John John Florence foi campeão em 2016 e 2017 depois de vários anos a ser reconhecido, um pouco por todo o lado, como o surfista com talento e potencial a esquentar-lhe do corpo, tão incandescente que lhe alourava o cabelo, que só precisava de fixar a mente no objetivo e concentrar-se. Mas, em 2018, o oceano trouxe-lhe o azar a meio do ano: o havaiano lesionou-se e falhou as seis derradeiras etapas do circuito que o punha às voltas pelo mundo.

Um afastamento azarado das pranchas que o terá levado a aproximar-se de outra forma de andar no planeta pelo mar: velejar.

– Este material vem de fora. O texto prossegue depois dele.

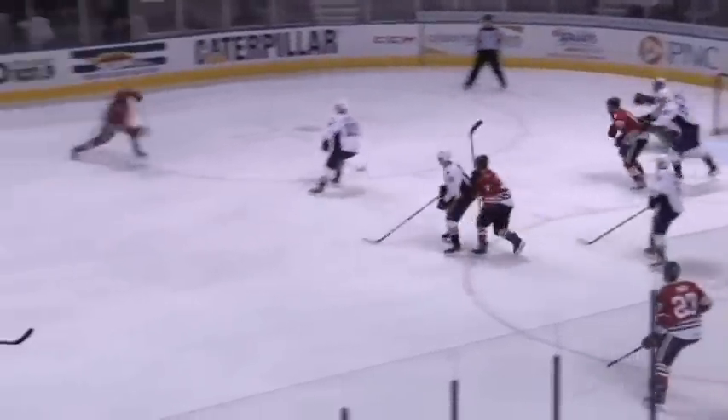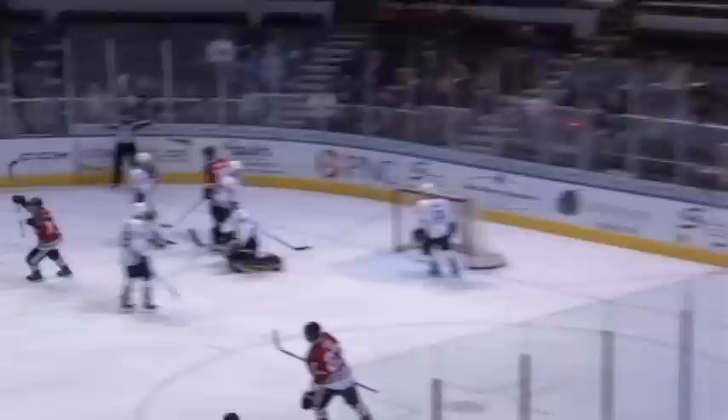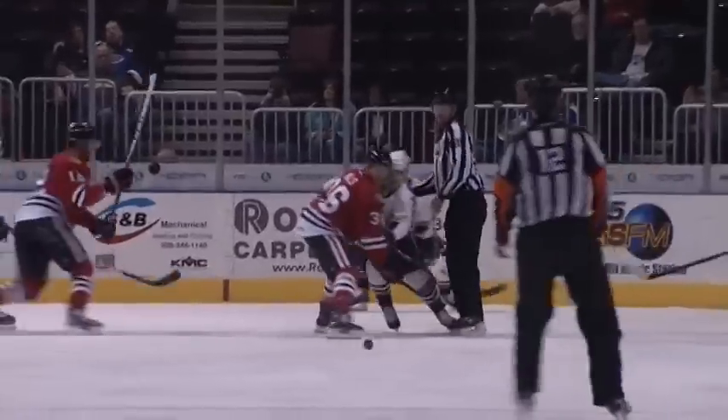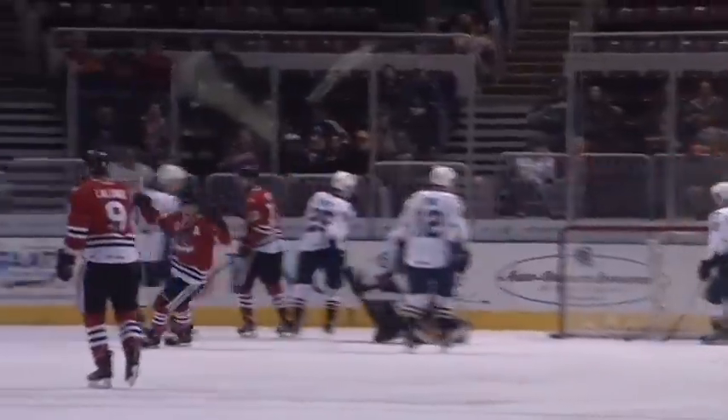Face-off control by Rockford. Their power play has been great, and they score again. Morin fires a one-timer from the top of the left circle, and four seconds into the power play, the IceHogs take a 2-0 lead.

Porque o surf não contém o John a dobrar e as paixões dele chegam à fotografia e a aos barcos, como, há mais de um ano, nos chegou a revelar em Peniche. “Gosto mesmo muito de velejar, tem sido uma grande parte da minha vida no último par de anos”, confessou, dizendo que escolheria uma volta ao planeta à vela a um segundo título mundial (que, entretanto, conquistaria)

- Faria essa viagem. É o sonho da minha vida, sabes?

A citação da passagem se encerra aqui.